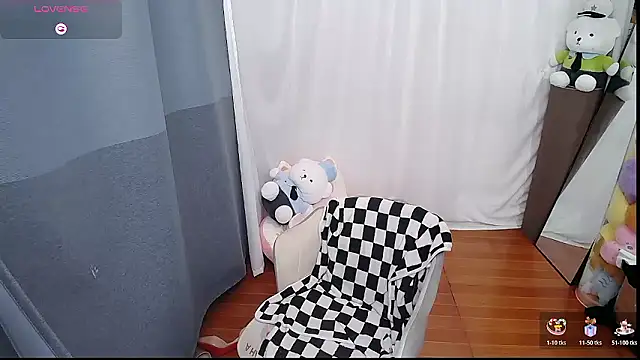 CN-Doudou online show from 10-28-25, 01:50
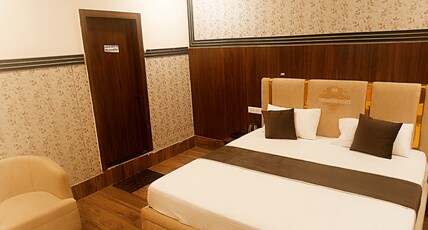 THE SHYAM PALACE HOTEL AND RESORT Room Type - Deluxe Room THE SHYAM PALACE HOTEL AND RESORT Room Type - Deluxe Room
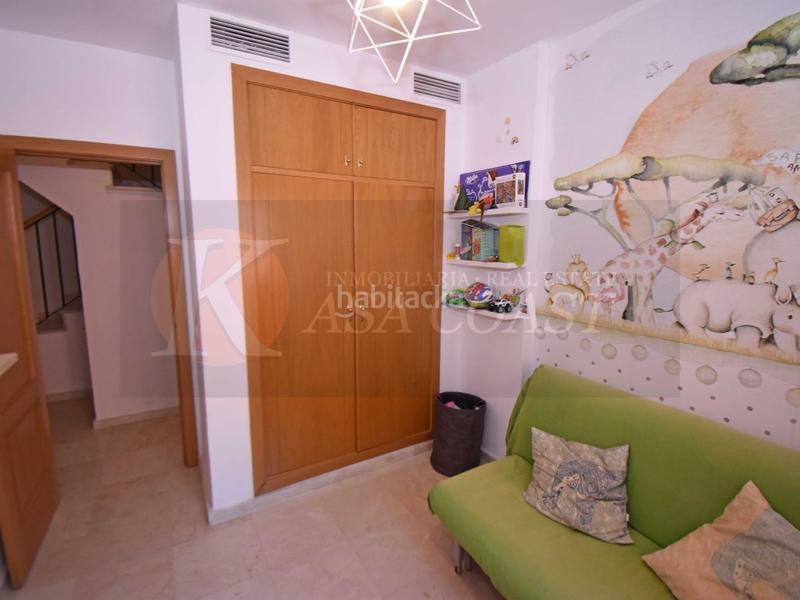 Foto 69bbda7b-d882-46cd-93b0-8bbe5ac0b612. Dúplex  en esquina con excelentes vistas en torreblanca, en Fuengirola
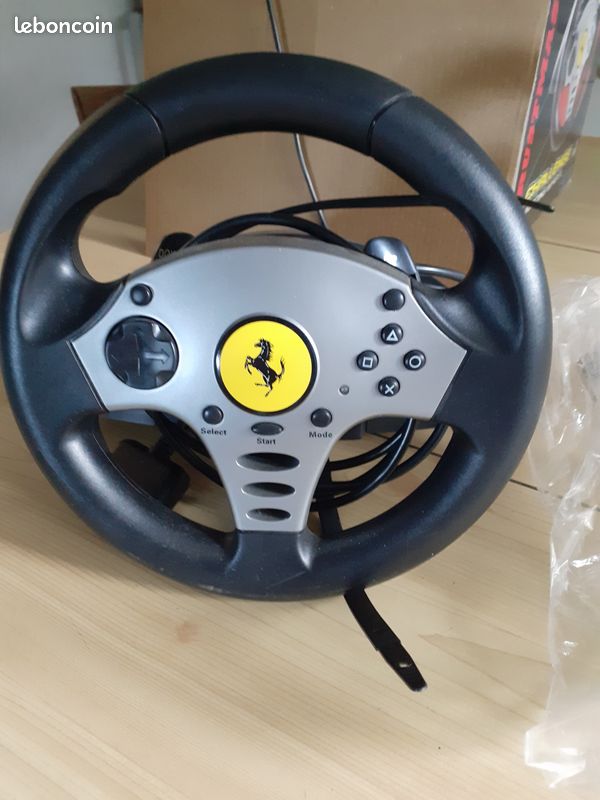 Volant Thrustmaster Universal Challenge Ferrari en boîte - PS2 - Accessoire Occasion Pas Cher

• Exercise requirements
Produce an exact copy of the lines from the line containing "Deluxe Room THE" to the end of the material, both ends included, and omit every picture.

• Response
 THE SHYAM PALACE HOTEL AND RESORT Room Type - Deluxe Room THE SHYAM PALACE HOTEL AND RESORT Room Type - Deluxe Room
 Foto 69bbda7b-d882-46cd-93b0-8bbe5ac0b612. Dúplex  en esquina con excelentes vistas en torreblanca, en Fuengirola
 Volant Thrustmaster Universal Challenge Ferrari en boîte - PS2 - Accessoire Occasion Pas Cher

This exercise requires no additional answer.